As for RBC DS, most advisors said the reforms have resulted in more work. “It makes meetings with clients go longer and that’s annoying for them and me,” said one RBC DS advisor in Alberta.

Yet, many of the bank-owned brokerage’s advisors said RBC DS was ahead in tailoring compliance processes. “The industry is just catching up to what has been going on here for a while,” said one RBC DS advisor in Ontario.

David Agnew, CEO of RBC Wealth Management Canada, acknowledged the “huge amount of strain and stress” caused by the CFRs. The firm is making digital investments to help streamline internal control and approval processes, he added.

CIBC Wood Gundy advisors reported the highest difficulty with the CFRs: 5.55. The second-highest average rating, 4.71, was reported by Edward Jones advisors.

Both firms exceeded the average performance rating in the “support for dealing with regulatory changes” and “advisor’s relationship with compliance department” categories.

So, the difficulty ratings seemed to stem from advisors’ frustration about their increased workload and the new red tape, rather than any firm deficiencies.

One Wood Gundy advisor in Ontario called the reforms “a necessary evil” that just require advisors to adapt. But another Wood Gundy advisor in Atlantic Canada took a dimmer view.

“I think [the CFRs will] drive advisors out of the industry,” the advisor said. “I do understand the importance, but the time spent doing CFRs is time away from client-focused things and product research.”

Another Ontario-based advisor with Wood Gundy said client onboarding pre-CFRs took three to five hours. “With CFRs, it now takes about six to 12 hours.”

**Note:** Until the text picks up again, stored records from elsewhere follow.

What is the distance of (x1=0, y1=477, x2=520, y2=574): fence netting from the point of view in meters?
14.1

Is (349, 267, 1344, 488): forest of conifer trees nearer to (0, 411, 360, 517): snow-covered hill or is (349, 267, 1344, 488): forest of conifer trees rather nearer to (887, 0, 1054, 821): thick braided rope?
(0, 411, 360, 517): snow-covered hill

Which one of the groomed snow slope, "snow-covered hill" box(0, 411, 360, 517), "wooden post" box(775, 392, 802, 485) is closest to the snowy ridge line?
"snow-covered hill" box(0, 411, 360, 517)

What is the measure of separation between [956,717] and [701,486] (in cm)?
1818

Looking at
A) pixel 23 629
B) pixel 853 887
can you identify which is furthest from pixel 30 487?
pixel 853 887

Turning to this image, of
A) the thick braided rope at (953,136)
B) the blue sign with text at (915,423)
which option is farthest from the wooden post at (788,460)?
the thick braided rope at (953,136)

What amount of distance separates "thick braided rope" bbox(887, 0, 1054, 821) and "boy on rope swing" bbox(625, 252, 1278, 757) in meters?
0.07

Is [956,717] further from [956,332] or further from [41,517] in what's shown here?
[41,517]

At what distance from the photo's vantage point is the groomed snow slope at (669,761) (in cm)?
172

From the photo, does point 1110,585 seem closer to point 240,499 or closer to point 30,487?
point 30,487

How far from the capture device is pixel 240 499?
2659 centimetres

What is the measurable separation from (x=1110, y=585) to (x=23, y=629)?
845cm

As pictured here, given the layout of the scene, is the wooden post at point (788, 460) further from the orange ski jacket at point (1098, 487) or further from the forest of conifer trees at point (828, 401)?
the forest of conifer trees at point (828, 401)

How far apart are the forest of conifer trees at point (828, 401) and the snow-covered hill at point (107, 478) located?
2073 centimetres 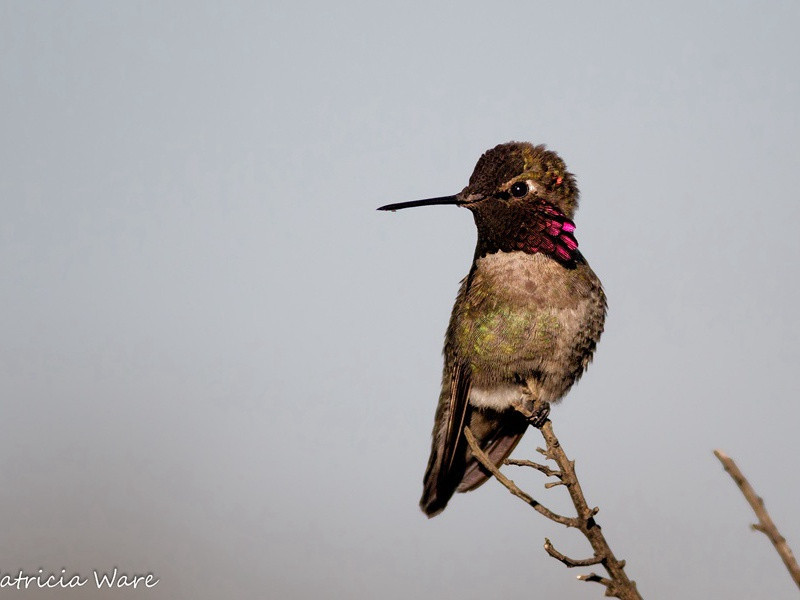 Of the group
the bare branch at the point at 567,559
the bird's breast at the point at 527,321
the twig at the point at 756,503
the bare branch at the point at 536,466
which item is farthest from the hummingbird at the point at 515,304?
the twig at the point at 756,503

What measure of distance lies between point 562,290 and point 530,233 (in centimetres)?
40

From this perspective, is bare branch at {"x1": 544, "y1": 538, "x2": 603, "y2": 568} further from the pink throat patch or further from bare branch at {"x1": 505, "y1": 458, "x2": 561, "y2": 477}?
the pink throat patch

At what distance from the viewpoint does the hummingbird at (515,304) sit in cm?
514

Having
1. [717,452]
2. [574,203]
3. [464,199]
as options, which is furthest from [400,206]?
[717,452]

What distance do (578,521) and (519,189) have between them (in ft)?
9.05

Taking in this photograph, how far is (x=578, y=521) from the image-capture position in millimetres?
3064

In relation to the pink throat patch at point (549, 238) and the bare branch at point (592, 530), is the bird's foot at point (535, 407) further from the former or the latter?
the bare branch at point (592, 530)

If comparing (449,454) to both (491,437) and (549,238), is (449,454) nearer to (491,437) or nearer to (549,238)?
(491,437)

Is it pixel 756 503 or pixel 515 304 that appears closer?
pixel 756 503

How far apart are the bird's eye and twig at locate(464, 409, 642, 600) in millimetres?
1868

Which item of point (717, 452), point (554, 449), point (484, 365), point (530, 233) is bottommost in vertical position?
point (717, 452)

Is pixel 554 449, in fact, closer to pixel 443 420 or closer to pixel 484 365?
pixel 484 365

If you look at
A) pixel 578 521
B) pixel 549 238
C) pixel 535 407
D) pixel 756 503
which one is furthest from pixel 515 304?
pixel 756 503

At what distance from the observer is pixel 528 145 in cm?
561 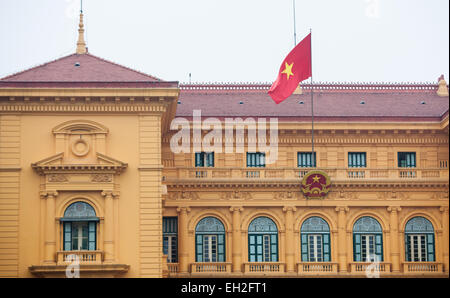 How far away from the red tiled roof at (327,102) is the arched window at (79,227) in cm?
1165

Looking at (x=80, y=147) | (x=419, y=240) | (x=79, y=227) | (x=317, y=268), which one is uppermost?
(x=80, y=147)

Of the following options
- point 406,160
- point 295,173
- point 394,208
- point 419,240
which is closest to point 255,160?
point 295,173

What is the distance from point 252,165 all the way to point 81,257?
13.9 meters

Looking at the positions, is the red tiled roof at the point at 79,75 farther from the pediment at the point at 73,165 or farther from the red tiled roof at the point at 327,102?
the red tiled roof at the point at 327,102

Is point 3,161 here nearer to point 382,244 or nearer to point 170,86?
point 170,86

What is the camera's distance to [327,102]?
61.5m

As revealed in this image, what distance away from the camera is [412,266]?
185 ft

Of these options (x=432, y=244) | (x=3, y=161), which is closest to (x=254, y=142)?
(x=432, y=244)

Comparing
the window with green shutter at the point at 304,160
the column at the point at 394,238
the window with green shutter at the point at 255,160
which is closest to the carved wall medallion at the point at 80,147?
the window with green shutter at the point at 255,160

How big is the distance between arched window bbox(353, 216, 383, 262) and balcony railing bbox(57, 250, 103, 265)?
16.0 metres

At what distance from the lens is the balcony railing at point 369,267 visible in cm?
5631

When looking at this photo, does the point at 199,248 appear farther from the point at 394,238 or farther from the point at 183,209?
the point at 394,238

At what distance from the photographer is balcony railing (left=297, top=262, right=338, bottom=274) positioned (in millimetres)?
56000

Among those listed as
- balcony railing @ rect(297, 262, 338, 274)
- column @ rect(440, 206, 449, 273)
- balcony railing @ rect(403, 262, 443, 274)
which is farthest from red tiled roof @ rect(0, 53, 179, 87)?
column @ rect(440, 206, 449, 273) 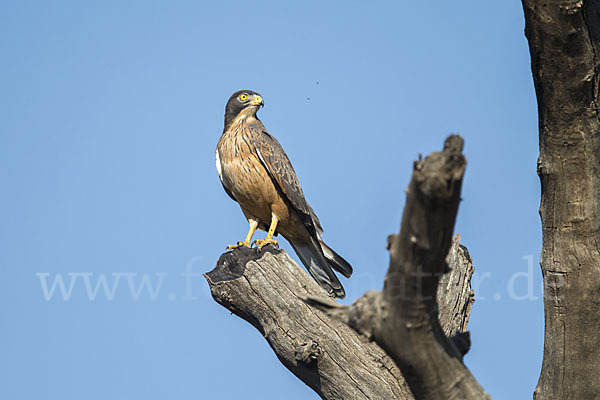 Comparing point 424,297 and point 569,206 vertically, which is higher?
point 569,206

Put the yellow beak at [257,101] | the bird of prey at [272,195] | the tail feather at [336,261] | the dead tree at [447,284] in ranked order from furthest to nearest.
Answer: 1. the yellow beak at [257,101]
2. the bird of prey at [272,195]
3. the tail feather at [336,261]
4. the dead tree at [447,284]

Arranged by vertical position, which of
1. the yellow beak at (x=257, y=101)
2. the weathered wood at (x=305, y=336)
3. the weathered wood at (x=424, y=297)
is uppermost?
the yellow beak at (x=257, y=101)

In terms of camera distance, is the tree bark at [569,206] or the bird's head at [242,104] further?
the bird's head at [242,104]

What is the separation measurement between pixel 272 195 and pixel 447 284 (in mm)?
2212

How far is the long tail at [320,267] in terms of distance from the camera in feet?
20.9

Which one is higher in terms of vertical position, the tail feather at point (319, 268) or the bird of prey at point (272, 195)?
the bird of prey at point (272, 195)

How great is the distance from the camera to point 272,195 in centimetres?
661

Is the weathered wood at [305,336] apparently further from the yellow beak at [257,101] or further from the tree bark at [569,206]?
the yellow beak at [257,101]

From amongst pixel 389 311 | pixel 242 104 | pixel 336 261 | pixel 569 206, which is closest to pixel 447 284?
pixel 336 261

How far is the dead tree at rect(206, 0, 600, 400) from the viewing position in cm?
221

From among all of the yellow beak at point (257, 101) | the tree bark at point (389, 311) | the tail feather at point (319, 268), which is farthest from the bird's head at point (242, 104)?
the tree bark at point (389, 311)

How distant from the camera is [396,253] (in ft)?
7.34

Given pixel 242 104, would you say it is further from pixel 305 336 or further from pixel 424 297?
pixel 424 297

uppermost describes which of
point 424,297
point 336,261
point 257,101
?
point 257,101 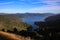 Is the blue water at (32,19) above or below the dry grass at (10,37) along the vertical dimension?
above

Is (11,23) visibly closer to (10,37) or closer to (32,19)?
(10,37)

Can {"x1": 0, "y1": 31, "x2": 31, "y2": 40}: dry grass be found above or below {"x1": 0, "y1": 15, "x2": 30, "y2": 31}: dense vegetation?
below

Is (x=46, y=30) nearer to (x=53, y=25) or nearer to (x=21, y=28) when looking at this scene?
(x=53, y=25)

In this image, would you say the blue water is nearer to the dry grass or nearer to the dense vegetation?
the dense vegetation

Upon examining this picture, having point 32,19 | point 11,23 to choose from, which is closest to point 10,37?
point 11,23

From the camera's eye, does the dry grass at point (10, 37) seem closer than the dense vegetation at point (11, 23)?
Yes

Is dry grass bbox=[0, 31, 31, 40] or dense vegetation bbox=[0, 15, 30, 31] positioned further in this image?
dense vegetation bbox=[0, 15, 30, 31]

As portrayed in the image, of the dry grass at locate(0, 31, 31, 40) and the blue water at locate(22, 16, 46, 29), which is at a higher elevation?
the blue water at locate(22, 16, 46, 29)

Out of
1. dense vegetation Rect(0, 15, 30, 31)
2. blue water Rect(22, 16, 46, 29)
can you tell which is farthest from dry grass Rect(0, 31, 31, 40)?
blue water Rect(22, 16, 46, 29)

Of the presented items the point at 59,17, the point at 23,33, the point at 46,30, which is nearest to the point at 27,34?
the point at 23,33

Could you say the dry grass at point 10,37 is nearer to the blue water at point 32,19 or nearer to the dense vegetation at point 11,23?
the dense vegetation at point 11,23

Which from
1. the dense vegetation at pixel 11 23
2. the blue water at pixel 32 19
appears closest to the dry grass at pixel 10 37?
the dense vegetation at pixel 11 23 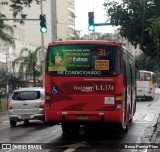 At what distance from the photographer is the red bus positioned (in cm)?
1549

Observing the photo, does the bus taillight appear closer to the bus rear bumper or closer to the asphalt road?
the bus rear bumper

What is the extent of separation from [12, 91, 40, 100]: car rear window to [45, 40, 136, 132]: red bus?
591 centimetres

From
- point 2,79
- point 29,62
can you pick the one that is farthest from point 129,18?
point 29,62

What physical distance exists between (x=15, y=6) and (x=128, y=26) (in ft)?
36.7

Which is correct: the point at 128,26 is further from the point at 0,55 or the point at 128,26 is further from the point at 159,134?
the point at 0,55

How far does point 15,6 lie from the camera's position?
25984 millimetres

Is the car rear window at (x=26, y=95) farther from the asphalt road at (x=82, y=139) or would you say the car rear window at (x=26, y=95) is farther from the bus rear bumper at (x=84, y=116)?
the bus rear bumper at (x=84, y=116)

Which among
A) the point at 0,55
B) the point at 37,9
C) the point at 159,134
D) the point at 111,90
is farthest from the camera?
the point at 37,9

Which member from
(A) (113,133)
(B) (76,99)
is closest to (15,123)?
(A) (113,133)

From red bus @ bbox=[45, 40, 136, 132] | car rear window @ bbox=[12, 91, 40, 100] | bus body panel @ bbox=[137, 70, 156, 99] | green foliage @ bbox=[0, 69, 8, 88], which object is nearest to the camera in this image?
red bus @ bbox=[45, 40, 136, 132]

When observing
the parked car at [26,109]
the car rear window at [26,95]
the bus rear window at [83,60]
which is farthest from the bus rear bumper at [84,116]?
the car rear window at [26,95]

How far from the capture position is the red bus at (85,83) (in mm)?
15492

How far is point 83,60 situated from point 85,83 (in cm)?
76

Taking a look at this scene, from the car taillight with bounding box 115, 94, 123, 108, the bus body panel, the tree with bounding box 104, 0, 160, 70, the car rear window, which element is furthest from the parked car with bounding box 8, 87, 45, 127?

Ed Dodig, executive vice-president and head of CIBC Private Wealth Management Canada and CIBC Wood Gundy, said determining where advisors would need help before the reforms took effect was difficult, but the firm has improved its processes.

“The first few weeks, we said to the team, ‘Just give us your feedback. Let us know where the pain points are and we’ll be sure to address it’,” Dodig said. In response to that feedback, Wood Gundy added staff to the risk supervision team and adjusted its technology to address the CFRs, he said.

“We’ll continue to approach it the same way,” Dodig added, through dialogue and working with branch managers.

The approach at Edward Jones is similar. “We have a whole support area for the CFRs, and we’ll continue throughout 2022,” said David Gunn, president of Edward Jones Canada. He noted that some advisors have incorporated the CFRs into their practices more easily since January, while others are leaning on the firm for guidance.

Edward Jones’s branch support teams have been working directly with advisors. In addition, Gunn said, “we continue to have what we call ‘CFR chats’” covering administrative processes.

Several Edward Jones advisors noted the high volume of back-end process changes. But as one advisor in B.C. said, “If you’re doing your job, it shouldn’t be difficult. We’re just all wrapping our heads around new systems.”

Compliance ratings still high

The average importance rating for the “Advisor’s relationship with compliance department” category (9.2, down from 9.3 in 2021) remained among the 10 highest in the 2022 Brokerage Report Card.

At the same time, both the relationship category and “support for dealing with regulatory changes” were among those with the 10 highest performance averages (9.1 and 8.9, respectively, with the first unchanged and the second down from 9.0 a year ago).